Short descriptive text snippets:

[Start of Attachment]

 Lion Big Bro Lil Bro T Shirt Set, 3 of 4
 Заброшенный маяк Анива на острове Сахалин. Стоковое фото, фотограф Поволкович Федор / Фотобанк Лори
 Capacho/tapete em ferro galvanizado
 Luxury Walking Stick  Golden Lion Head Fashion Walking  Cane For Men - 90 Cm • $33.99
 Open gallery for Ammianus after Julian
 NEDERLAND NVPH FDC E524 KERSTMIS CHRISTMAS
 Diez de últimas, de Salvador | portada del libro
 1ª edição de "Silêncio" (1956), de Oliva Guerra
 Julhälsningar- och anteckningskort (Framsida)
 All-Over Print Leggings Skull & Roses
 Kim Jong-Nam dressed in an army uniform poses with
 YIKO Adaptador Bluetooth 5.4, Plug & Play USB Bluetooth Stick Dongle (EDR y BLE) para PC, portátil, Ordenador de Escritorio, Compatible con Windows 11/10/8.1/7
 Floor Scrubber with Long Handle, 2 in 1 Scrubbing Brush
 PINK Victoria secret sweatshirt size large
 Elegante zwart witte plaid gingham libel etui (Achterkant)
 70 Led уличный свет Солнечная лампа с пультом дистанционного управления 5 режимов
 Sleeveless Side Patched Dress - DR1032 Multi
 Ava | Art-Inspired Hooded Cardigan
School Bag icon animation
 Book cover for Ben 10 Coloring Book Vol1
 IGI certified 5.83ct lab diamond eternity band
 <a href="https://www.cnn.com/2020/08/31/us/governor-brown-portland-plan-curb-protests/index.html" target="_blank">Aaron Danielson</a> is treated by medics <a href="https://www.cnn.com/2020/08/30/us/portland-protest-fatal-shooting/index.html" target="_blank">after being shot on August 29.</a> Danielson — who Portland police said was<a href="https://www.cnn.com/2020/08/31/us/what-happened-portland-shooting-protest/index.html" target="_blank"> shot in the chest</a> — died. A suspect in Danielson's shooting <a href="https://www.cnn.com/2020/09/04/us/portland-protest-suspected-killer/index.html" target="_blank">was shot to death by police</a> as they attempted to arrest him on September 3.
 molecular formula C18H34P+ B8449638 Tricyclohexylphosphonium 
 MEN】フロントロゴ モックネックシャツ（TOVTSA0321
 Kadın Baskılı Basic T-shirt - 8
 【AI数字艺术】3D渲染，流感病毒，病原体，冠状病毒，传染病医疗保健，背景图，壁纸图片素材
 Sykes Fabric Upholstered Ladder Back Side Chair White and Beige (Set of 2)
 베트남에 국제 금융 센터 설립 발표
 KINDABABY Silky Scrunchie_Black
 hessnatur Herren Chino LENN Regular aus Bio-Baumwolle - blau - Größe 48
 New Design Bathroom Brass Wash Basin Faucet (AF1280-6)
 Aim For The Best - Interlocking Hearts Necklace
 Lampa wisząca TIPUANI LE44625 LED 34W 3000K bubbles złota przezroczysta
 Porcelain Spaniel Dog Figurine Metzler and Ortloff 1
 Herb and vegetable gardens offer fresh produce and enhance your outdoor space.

[End of Attachment]

WHAT YOU WILL DO:
Search the entries above for the word "Side" and copy each line where it appears.

SOLVED PROBLEM:
 Sleeveless Side Patched Dress - DR1032 Multi
 Sykes Fabric Upholstered Ladder Back Side Chair White and Beige (Set of 2)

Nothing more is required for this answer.